Taraf Gazetesi yazarı Mehmet Baransu, AK Parti sözcüsü Ömer Çelik'e çok yakın bir isimden aldığı ‘3 milyon sahte seçmen belgeleri'ni açıklamasından kısa süre önce tutuklandığını öne sürdü. Samanyolu Yayın Grubu Başkanı Hidayet Karaca, MİT, Jandarma ve Genelkurmay'ın kabul ettiği Tahşiye örgütü ile ilgili bir dizide kullanılan ‘aşırı dinci terör örgütü' ifadesi nedeniyle bir yılı aşkın süredir tutuklu olduğunu anlattı.

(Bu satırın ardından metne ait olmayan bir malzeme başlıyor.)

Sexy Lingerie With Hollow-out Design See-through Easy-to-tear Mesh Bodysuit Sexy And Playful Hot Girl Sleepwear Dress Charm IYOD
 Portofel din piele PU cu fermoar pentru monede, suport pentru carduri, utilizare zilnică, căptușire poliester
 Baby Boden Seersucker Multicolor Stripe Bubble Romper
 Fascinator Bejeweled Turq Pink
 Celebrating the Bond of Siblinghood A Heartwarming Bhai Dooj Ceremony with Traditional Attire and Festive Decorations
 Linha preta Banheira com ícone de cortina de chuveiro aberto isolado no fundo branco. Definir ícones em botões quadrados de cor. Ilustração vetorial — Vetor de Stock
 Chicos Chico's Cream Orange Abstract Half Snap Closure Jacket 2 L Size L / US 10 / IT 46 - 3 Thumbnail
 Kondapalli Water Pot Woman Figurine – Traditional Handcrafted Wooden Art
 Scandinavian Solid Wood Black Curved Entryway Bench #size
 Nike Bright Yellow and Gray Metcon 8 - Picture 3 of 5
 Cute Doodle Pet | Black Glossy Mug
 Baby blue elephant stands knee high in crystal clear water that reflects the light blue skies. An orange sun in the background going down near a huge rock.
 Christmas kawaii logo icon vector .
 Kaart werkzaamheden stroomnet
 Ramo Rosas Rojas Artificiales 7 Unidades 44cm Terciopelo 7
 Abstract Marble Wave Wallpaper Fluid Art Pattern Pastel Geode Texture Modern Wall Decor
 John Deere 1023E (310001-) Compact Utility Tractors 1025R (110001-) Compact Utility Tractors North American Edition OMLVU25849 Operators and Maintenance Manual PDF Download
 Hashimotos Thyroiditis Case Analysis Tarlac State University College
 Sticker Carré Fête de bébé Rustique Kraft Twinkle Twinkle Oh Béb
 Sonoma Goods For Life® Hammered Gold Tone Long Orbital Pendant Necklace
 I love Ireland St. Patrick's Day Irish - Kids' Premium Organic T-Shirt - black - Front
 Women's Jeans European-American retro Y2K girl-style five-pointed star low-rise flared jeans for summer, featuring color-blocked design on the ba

Cumhuriyet Gazetesi Genel Yayın Yönetmeni Can Dündar ise tutuklu bulunduğu sürece kendisinin ve MİT TIR'larının dünyada gündem olmaya devam edeceğini söyledi. tutuklu gazeteciler, CHP heyetine özetle şunları anlattı:
TAHŞİYE'Yİ MİT VE GENELKURMAY KABUL ETTİ
Samanyolu Yayın Grubu Başkanı Hidayet Karaca: “Tek Türkiye dizisi nedeniyle ‘Tahşiye örgütüne kumpas kurmak'la suçlanıyoruz. MİT, Jandarma, Genelkurmay hepsi bu örgütü kabul etmiş. Resmi raporlar var. Dizide geçen ‘bir aşırı dinci örgüt kurulsun' ifadesinden sonra soruşturma başlıyor. (Samanyolu Yayın Grubu'na bağlı televizyonların Türksat'tan indirilmesi sebebiyle) Milyar dolarlık televizyonlar ve tesisler gitti. Toplam bin 500 kişi işsiz kaldı.”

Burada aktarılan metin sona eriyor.